Top of Supplied data

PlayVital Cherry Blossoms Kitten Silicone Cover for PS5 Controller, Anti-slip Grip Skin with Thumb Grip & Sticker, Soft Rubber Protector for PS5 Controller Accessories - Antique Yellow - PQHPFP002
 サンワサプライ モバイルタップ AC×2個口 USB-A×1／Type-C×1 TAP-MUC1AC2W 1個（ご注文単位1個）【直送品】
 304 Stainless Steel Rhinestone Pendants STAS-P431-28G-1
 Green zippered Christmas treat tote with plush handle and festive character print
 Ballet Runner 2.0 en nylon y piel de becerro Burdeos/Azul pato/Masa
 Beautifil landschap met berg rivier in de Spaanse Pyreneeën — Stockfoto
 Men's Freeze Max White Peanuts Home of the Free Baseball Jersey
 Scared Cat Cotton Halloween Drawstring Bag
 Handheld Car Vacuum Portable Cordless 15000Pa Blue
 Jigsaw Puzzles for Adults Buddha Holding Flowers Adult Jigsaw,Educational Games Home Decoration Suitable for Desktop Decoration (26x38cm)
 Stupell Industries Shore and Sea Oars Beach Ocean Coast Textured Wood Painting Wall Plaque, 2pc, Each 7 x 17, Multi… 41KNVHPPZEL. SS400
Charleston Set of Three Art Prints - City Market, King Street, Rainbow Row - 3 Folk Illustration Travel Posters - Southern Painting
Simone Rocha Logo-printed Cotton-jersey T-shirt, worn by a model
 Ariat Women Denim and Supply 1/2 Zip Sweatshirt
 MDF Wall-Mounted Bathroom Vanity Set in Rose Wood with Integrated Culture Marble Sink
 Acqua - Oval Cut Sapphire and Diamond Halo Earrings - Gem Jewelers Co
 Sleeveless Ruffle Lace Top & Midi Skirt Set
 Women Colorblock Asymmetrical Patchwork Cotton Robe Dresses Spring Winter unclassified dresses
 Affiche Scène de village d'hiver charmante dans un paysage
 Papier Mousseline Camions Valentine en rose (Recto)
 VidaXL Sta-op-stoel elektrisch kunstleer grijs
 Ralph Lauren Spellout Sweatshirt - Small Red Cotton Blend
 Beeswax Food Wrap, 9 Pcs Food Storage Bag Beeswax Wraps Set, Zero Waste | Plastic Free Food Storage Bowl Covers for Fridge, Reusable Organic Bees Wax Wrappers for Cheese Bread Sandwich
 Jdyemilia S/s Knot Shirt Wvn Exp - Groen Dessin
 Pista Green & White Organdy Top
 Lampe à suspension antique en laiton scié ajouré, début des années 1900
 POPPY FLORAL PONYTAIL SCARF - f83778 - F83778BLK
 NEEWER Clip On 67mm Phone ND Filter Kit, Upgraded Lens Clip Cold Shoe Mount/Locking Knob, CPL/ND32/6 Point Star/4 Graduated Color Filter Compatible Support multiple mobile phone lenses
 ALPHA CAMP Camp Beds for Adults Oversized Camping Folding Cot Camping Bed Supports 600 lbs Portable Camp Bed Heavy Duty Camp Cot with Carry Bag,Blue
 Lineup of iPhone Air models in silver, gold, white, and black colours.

Bottom of Supplied data

» **What you are asked to do**
Of all the entries above, output exactly the lines between the one holding "Green zippered Christmas" and the one holding "Stupell Industries Shore", inclusive.

» **Result of this exercise**
 Green zippered Christmas treat tote with plush handle and festive character print
 Ballet Runner 2.0 en nylon y piel de becerro Burdeos/Azul pato/Masa
 Beautifil landschap met berg rivier in de Spaanse Pyreneeën — Stockfoto
 Men's Freeze Max White Peanuts Home of the Free Baseball Jersey
 Scared Cat Cotton Halloween Drawstring Bag
 Handheld Car Vacuum Portable Cordless 15000Pa Blue
 Jigsaw Puzzles for Adults Buddha Holding Flowers Adult Jigsaw,Educational Games Home Decoration Suitable for Desktop Decoration (26x38cm)
 Stupell Industries Shore and Sea Oars Beach Ocean Coast Textured Wood Painting Wall Plaque, 2pc, Each 7 x 17, Multi… 41KNVHPPZEL. SS400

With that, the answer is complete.